Getting license requires ‘good bit of paperwork’

MARTINSBURG — It’s been almost a month since the May 21 primary and you still can’t buy a drink at the Altoona-Blair County Airport.

“When can I get a margarita?” has become a common question, airport Manager Tracy Plessinger said.

But the answer depends on the time needed to file an application with the state Liquor Control Board and the time needed to process the application.

“There’s a good bit of paperwork involved with the application,” LCB spokesman Shawn M. Kelly said Thursday.

Once the application is filed, the state will need at least 30 days to review the contents and research objections, if any, filed in response to the application.
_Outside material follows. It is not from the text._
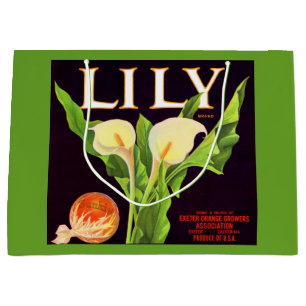 låda-etikett för Lily orange på 1930-talet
In the May 21 primary, North Woodbury Township voters cast 244 votes in favor and 204 votes against allowing the airport to pursue its own liquor license for use at the airport only. Once secured, the airport’s liquor license will be the only one in the otherwise dry township.

Airport leaders have long been in favor of serving alcohol at the airport as a way to draw more customers to its restaurant, currently La Fiesta, and as an option to address nervous flyers.

While it’s not unusual for restaurants and bars to purchase existing liquor licenses, sometimes costing hundreds or thousands of dollars, that’s not the route that the airport authority is following.

“We will be applying specifically to the state for a license to use at the airport,” solicitor David Pertile said. “And we won’t be paying market value for a liquor license. Our cost should be substantially less.”

Kelly said the airport authority will need to submit a $700 fee with its application for an airport liquor license. If the state decides the airport has met the eligibility requirements, then Kelly said it will require payment of a license fee between $250 and $700, calculated on a to be determined population base.

The airport authority, which met last Monday night, agreed that Pertile should move ahead with the legal research so the application can be filed with the state as soon as possible.

The authority didn’t want to issue that directive earlier, authority Chairman Drew Swope said, in case the voters said no.

Kelly said the state will check the county’s certified election results to verify passage of the referendum. It also reviews site dimensions from the business where the alcoholic beverages will be sold. The process also calls for an examination of the airport’s governing structure and tax status.

“If everything is on track and checks out, then the airport will get a license,” Kelly said.